Reporting and Statistics Design

1. Goals

  • Provide a single source of truth for building time-series facts.

  • Derive deterministic global and spatial statistics from facts.

  • Reuse the same reducer library for single runs and ensembles.

  • Standardize output artifacts (Parquet + manifest/provenance/spec/catalog).

  • Keep the design MPI-friendly, mergeable, and extensible.

2. Scope

  • This document defines Phase 2 contracts: schemas, interfaces, and integration points.

  • Implementation details are deferred to Phase 3.

3. Artifacts and Data Flow

Artifact Purpose Location (logical)

building_kpi_ts.parquet

Facts store (building time series)

outputs/timeseries/

building_spatial_index.parquet

Building spatial index (district mappings)

outputs/mappings/

global_kpi_summary.parquet

Global stats (city/district/type)

outputs/stats/

building_kpi_summary.parquet

Optional per-building summary

outputs/stats/

building_outputs_ts.h5

Per-building output time series (HDF5)

database/timeseries/ (single) / ensemble/stats/ (ensemble)

manifest.json

Run artifact index + schema ids

run_root/

provenance.json

Run provenance (git, cmdline, env)

run_root/

report_spec.yaml

Reporting window + KPI selection

run_root/

kpi_catalog.yaml

KPI definitions and aggregations

run_root/

4. Schema IDs and Versions

Schema ID Version Artifact

kub.building_kpi_ts

1.0

building_kpi_ts.parquet

kub.global_kpi_summary

1.0

global_kpi_summary.parquet

kub.building_kpi_summary

1.0

building_kpi_summary.parquet

kub.building_spatial_index

1.0

building_spatial_index.parquet

kub.building_outputs_ts_hdf5

1.0

building_outputs_ts.h5

Manifest entries must include schema_id, schema_version, and sha256 for each artifact.

5. Manifest Schema (v4)

The run-root manifest.json provides a complete, checksummed inventory of artifacts.

Key fields:

  • schema_version: Manifest schema version (4 for the enriched format).

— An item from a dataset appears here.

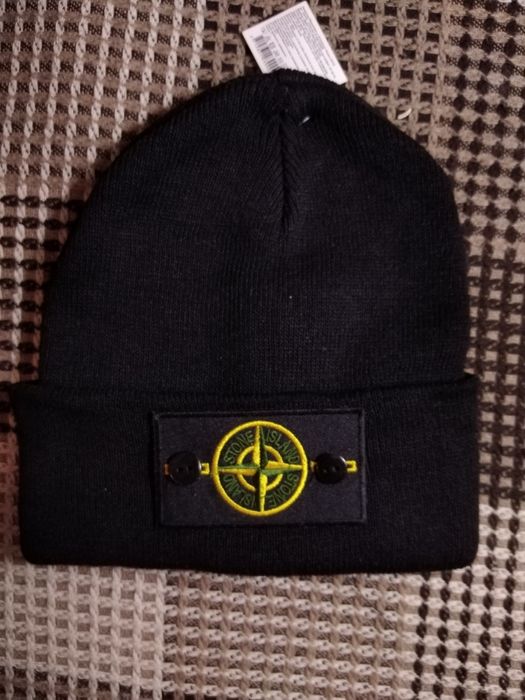Шапка Stone Island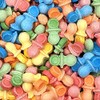 Bayside Candy Oh Baby Pacifiers Candy | Uncoated Fruit Flavored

  • artifact_base: Absolute path to the run root.

  • repository_root: Optional absolute path to the source repository.

  • artifacts: List of datasets with schema_id, schema_version, sha256, and rank metadata.

  • refs: References to setup.json, provenance.json, and optional report_spec.yaml and kpi_catalog.yaml.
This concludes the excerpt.